[[ Records for this exercise open ]]

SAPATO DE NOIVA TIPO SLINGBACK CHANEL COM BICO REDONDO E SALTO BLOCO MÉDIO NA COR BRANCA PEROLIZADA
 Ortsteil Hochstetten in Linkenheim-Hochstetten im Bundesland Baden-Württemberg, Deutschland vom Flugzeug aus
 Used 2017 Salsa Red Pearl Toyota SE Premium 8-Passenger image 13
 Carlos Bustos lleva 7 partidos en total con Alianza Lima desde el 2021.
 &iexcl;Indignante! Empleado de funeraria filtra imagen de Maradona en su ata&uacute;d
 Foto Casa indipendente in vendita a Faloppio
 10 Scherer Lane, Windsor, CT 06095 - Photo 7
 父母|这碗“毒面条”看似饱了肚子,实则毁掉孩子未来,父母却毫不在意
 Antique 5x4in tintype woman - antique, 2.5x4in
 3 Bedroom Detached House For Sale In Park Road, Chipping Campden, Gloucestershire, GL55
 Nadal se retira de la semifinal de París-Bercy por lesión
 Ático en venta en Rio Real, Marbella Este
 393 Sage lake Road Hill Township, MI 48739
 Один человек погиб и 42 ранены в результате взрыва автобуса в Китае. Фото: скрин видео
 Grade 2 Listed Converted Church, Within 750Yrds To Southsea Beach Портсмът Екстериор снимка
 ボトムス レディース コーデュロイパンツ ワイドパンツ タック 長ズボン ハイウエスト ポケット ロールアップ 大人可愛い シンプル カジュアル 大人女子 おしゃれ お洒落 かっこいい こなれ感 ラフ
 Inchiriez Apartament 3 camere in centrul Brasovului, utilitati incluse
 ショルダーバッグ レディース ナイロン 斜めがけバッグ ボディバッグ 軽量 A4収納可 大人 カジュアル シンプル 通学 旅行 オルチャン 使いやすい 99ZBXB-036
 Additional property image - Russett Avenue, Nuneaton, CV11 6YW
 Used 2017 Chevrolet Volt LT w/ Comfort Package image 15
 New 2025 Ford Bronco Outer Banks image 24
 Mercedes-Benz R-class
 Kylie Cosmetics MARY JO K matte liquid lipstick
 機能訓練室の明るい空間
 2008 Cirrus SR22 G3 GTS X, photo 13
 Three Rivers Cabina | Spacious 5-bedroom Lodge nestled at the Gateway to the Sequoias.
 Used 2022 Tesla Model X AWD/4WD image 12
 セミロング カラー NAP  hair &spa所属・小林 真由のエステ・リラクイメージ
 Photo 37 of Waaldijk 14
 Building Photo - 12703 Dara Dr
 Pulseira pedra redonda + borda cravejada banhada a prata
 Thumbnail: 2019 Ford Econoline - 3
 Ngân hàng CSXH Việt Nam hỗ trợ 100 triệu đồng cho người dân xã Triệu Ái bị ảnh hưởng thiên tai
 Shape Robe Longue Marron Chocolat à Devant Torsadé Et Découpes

[[ Records for this exercise closed ]]

Please write out, exactly as they appear above, only the lines in the stretch from the line with "Ático en venta en Rio Real, Marbella Este" through the line with "Mercedes-Benz R-class".

 Ático en venta en Rio Real, Marbella Este
 393 Sage lake Road Hill Township, MI 48739
 Один человек погиб и 42 ранены в результате взрыва автобуса в Китае. Фото: скрин видео
 Grade 2 Listed Converted Church, Within 750Yrds To Southsea Beach Портсмът Екстериор снимка
 ボトムス レディース コーデュロイパンツ ワイドパンツ タック 長ズボン ハイウエスト ポケット ロールアップ 大人可愛い シンプル カジュアル 大人女子 おしゃれ お洒落 かっこいい こなれ感 ラフ
 Inchiriez Apartament 3 camere in centrul Brasovului, utilitati incluse
 ショルダーバッグ レディース ナイロン 斜めがけバッグ ボディバッグ 軽量 A4収納可 大人 カジュアル シンプル 通学 旅行 オルチャン 使いやすい 99ZBXB-036
 Additional property image - Russett Avenue, Nuneaton, CV11 6YW
 Used 2017 Chevrolet Volt LT w/ Comfort Package image 15
 New 2025 Ford Bronco Outer Banks image 24
 Mercedes-Benz R-class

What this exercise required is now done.